> **TO DO**: Below are some records. Print exactly the lines between the one holding "2004 Ford Expedition" and the one holding "1251 W 4th St — Photo 3", inclusive, and nothing else.

> **DATA FOR REVIEW**:

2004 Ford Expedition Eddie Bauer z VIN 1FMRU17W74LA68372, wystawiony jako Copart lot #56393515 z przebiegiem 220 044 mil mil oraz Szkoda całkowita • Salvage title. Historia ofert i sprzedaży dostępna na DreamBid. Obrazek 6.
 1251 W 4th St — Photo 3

* * *

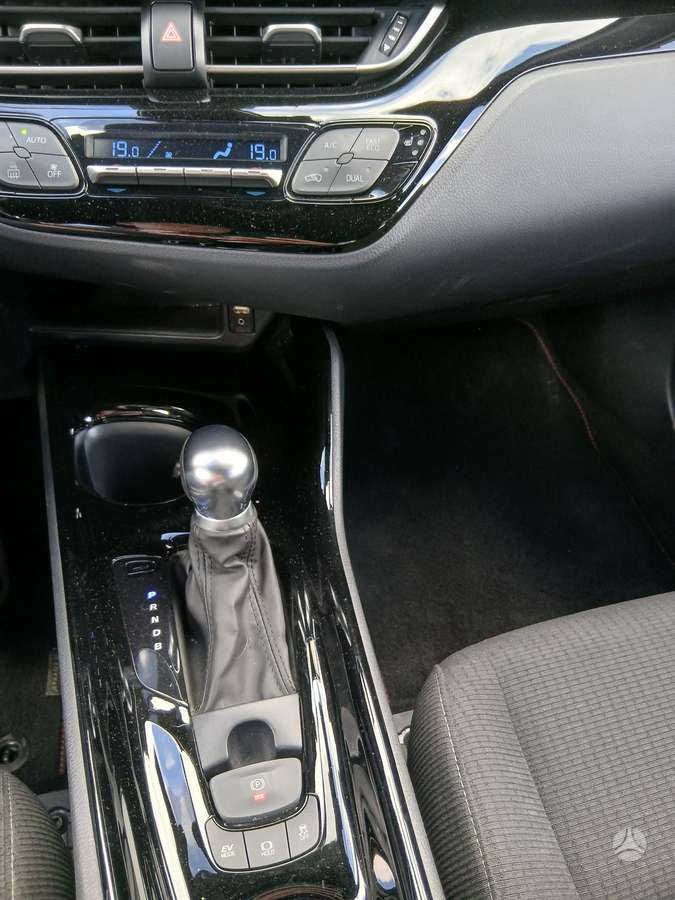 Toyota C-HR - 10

> **ANSWER FOR THIS EXERCISE**:
2004 Ford Expedition Eddie Bauer z VIN 1FMRU17W74LA68372, wystawiony jako Copart lot #56393515 z przebiegiem 220 044 mil mil oraz Szkoda całkowita • Salvage title. Historia ofert i sprzedaży dostępna na DreamBid. Obrazek 6.
 1251 W 4th St — Photo 3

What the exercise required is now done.